▶ **Supplied material**:
------------------------------------------------------------------------

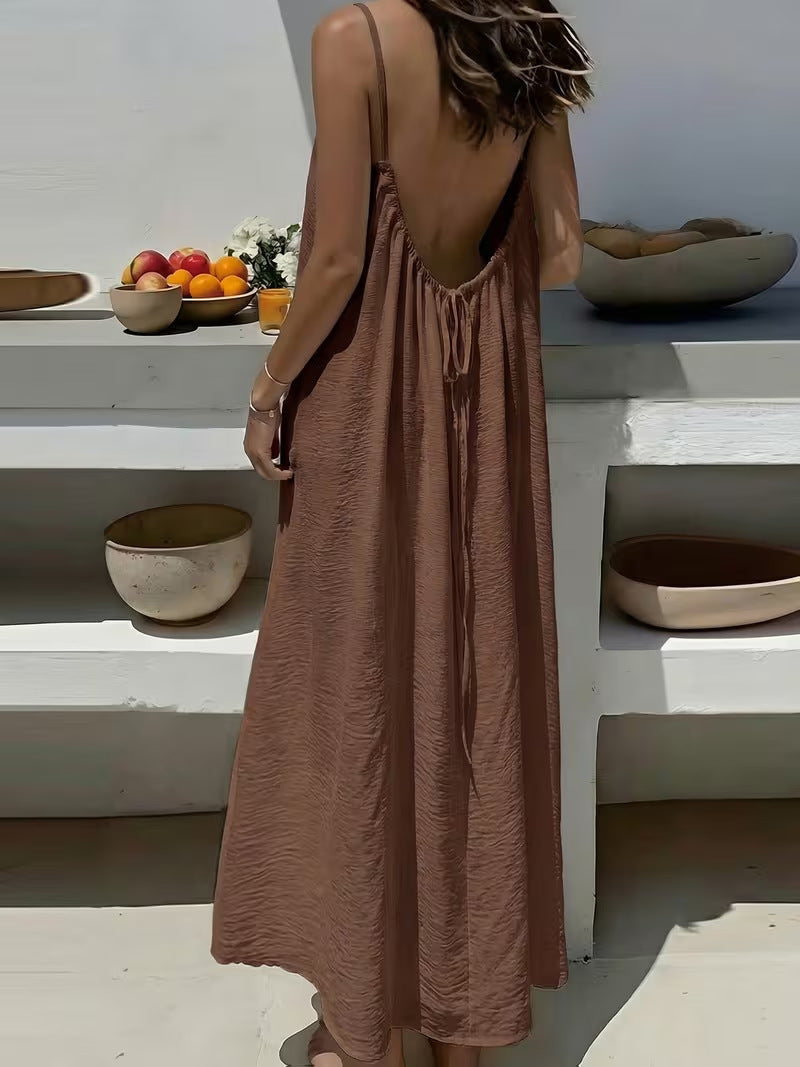 Women's Open-Back Cami Loungewear Dress – Loose Suspender Style | 27 Colours | S–5XL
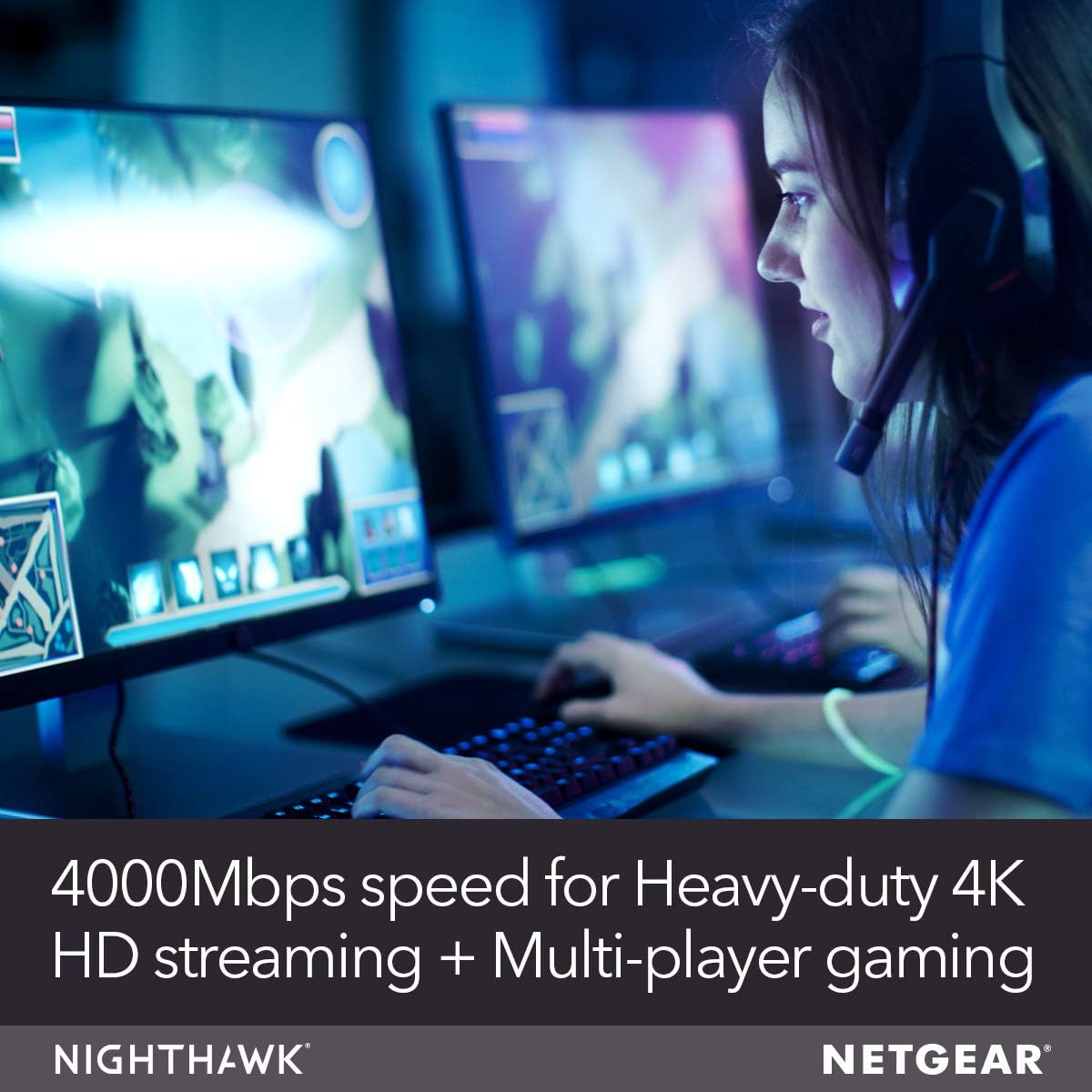 NETGEAR Nighthawk X6S Smart Wi-Fi Router (R8000P) - AC4000 Tri-band Wireless Speed (Up to 4000 Mbps) | Up to 3500 Sq Ft Coverage & 55 Devices | 4 x 1G Ethernet and 2 USB Ports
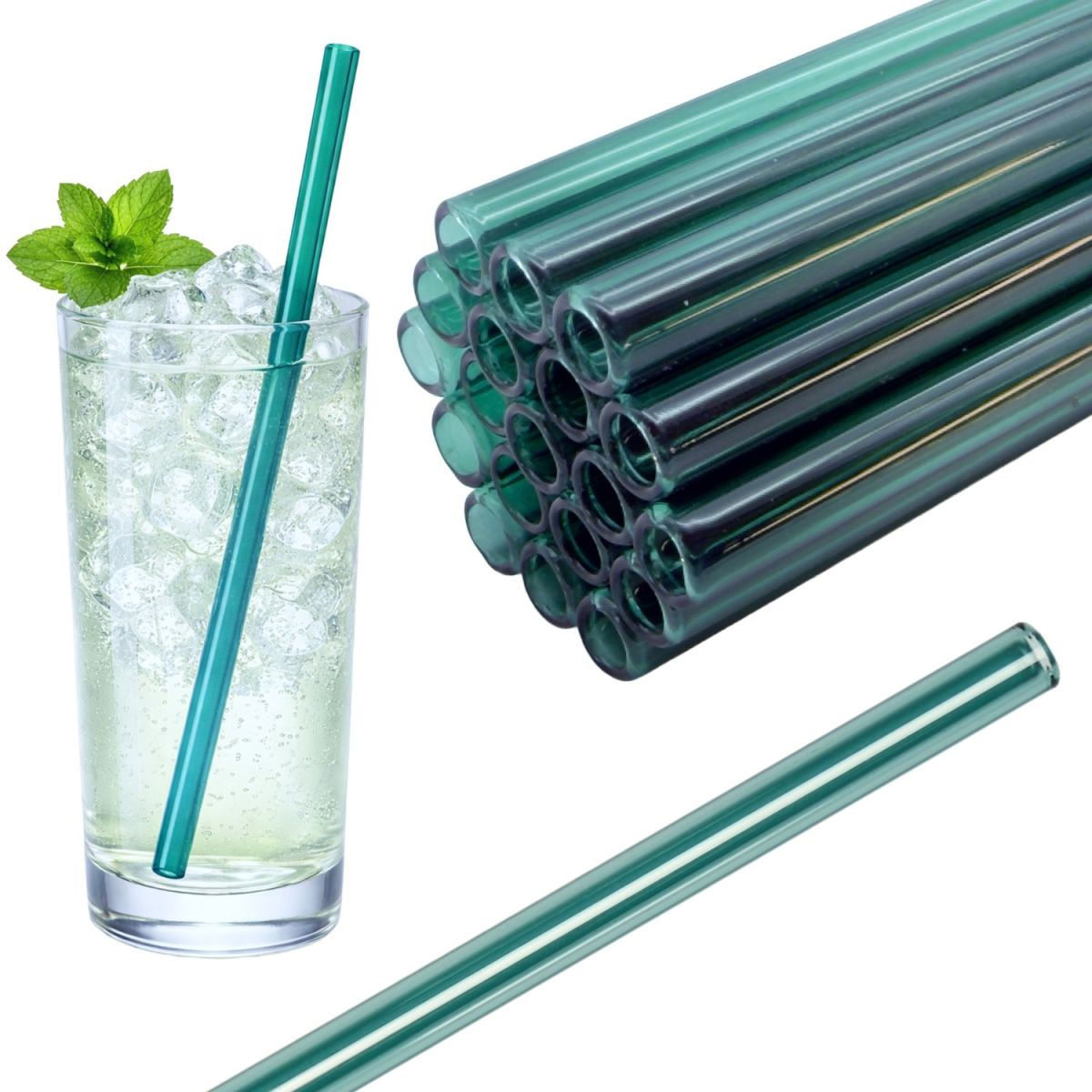 Gastro Pionier 50x Glas Trinkhalme farbig 0.8x20 cm (ØxL); mintgrün; 50 Stück / Pack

------------------------------------------------------------------------

▶ **Prompt**:
Every line of the data should be transcribed exactly. Omit the images.

▶ **Response to the exercise**:
 Women's Open-Back Cami Loungewear Dress – Loose Suspender Style | 27 Colours | S–5XL
 NETGEAR Nighthawk X6S Smart Wi-Fi Router (R8000P) - AC4000 Tri-band Wireless Speed (Up to 4000 Mbps) | Up to 3500 Sq Ft Coverage & 55 Devices | 4 x 1G Ethernet and 2 USB Ports
 Gastro Pionier 50x Glas Trinkhalme farbig 0.8x20 cm (ØxL); mintgrün; 50 Stück / Pack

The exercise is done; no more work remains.